INFORMATION SHOWN:
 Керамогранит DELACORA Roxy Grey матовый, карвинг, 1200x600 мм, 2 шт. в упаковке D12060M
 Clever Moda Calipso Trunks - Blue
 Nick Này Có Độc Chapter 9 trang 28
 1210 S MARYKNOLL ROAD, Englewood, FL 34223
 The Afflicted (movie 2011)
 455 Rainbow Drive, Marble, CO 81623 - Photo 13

==

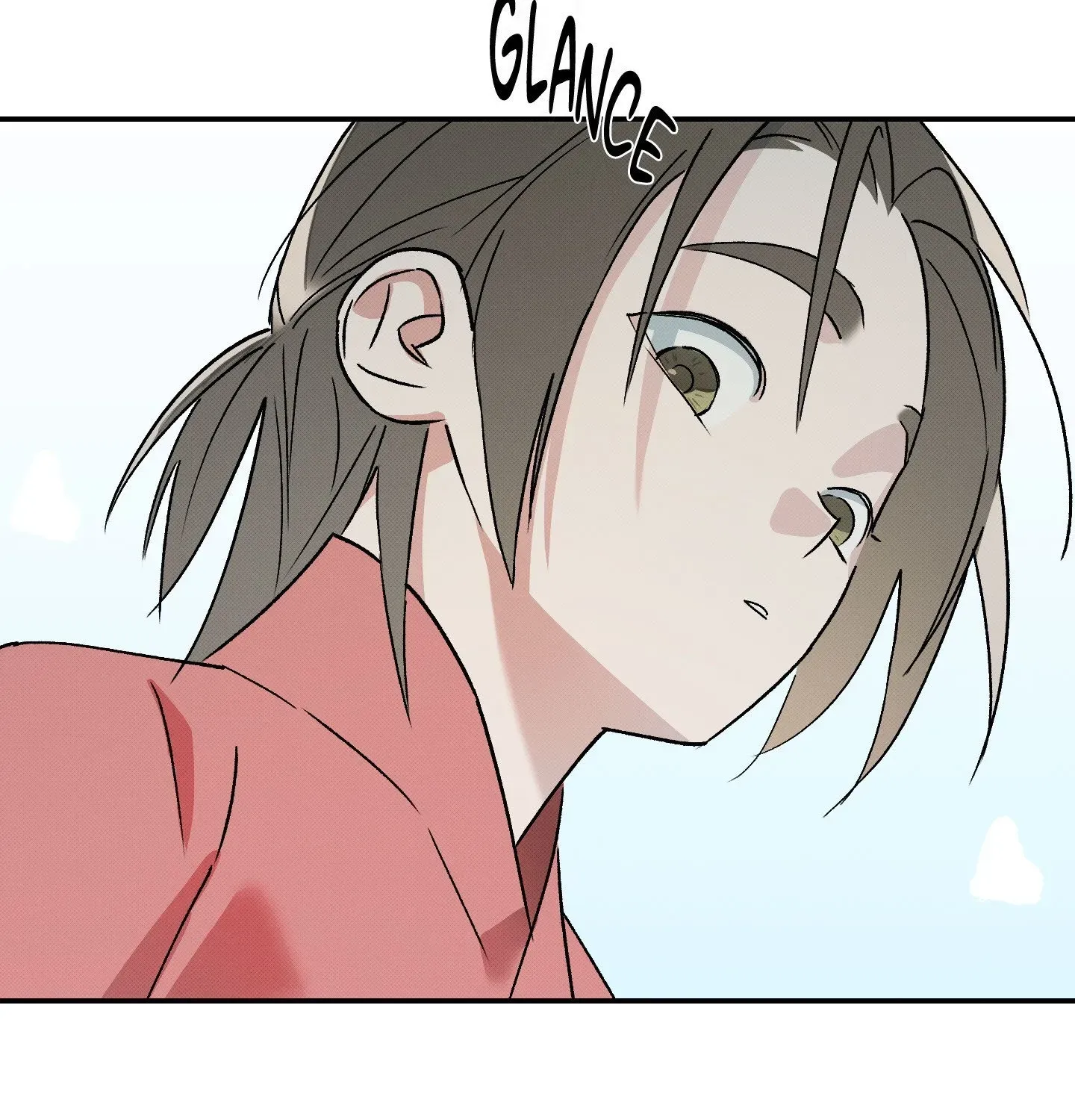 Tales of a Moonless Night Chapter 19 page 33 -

YOUR GOAL: Look above for the line with "Керамогранит DELACORA Roxy" and the line with "455 Rainbow Drive, Marble, CO", and reproduce exactly those two lines plus every line between, nothing more.

ANSWER SECTION:
 Керамогранит DELACORA Roxy Grey матовый, карвинг, 1200x600 мм, 2 шт. в упаковке D12060M
 Clever Moda Calipso Trunks - Blue
 Nick Này Có Độc Chapter 9 trang 28
 1210 S MARYKNOLL ROAD, Englewood, FL 34223
 The Afflicted (movie 2011)
 455 Rainbow Drive, Marble, CO 81623 - Photo 13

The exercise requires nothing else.